▸ **What needs to be done**:
Look for the line with "韓 축구 '지적질'하다"; please transcribe it and every later line in the entries exactly, up to the end, leaving pictures out.

───── Extracted information ─────

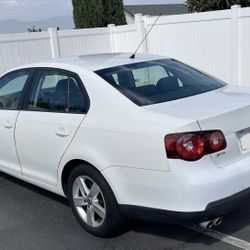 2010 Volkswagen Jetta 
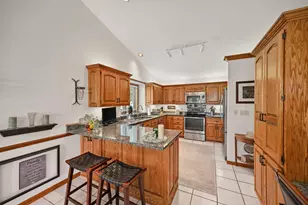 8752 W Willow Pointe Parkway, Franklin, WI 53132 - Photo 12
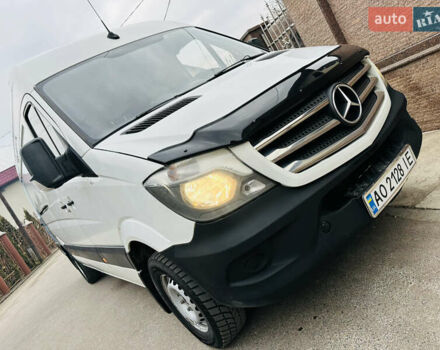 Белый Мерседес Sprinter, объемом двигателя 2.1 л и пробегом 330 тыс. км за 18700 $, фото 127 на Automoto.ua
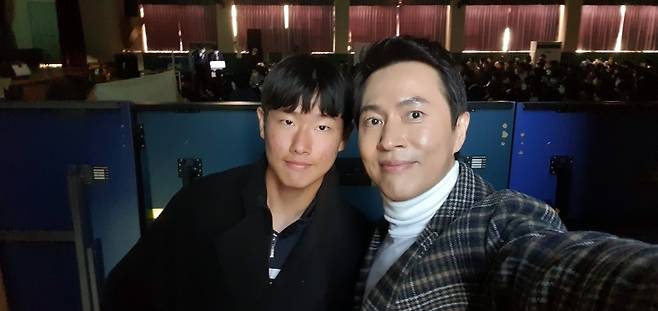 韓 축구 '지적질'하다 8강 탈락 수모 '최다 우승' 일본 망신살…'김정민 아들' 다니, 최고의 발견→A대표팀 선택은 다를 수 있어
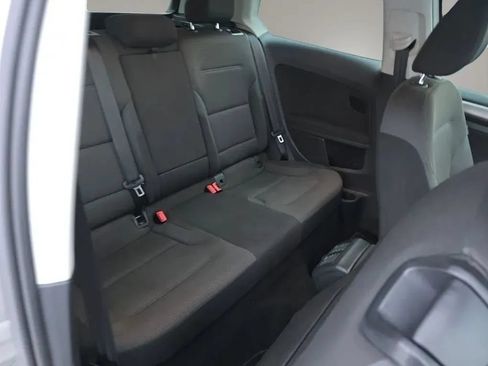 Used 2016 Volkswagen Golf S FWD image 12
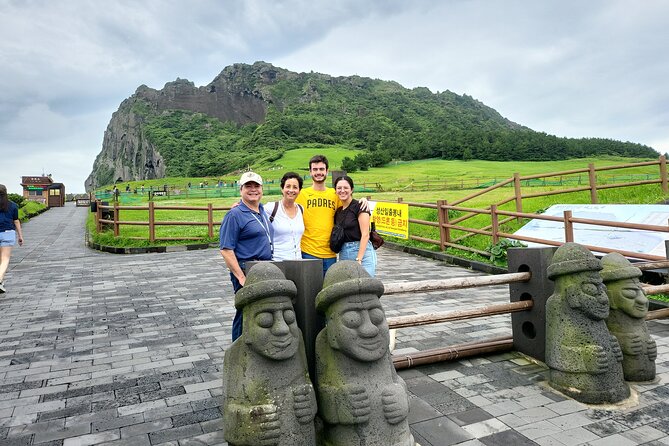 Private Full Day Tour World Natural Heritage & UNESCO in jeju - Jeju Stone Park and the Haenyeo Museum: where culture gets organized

─────

▸ **Exercise solution**:
 韓 축구 '지적질'하다 8강 탈락 수모 '최다 우승' 일본 망신살…'김정민 아들' 다니, 최고의 발견→A대표팀 선택은 다를 수 있어
 Used 2016 Volkswagen Golf S FWD image 12
 Private Full Day Tour World Natural Heritage & UNESCO in jeju - Jeju Stone Park and the Haenyeo Museum: where culture gets organized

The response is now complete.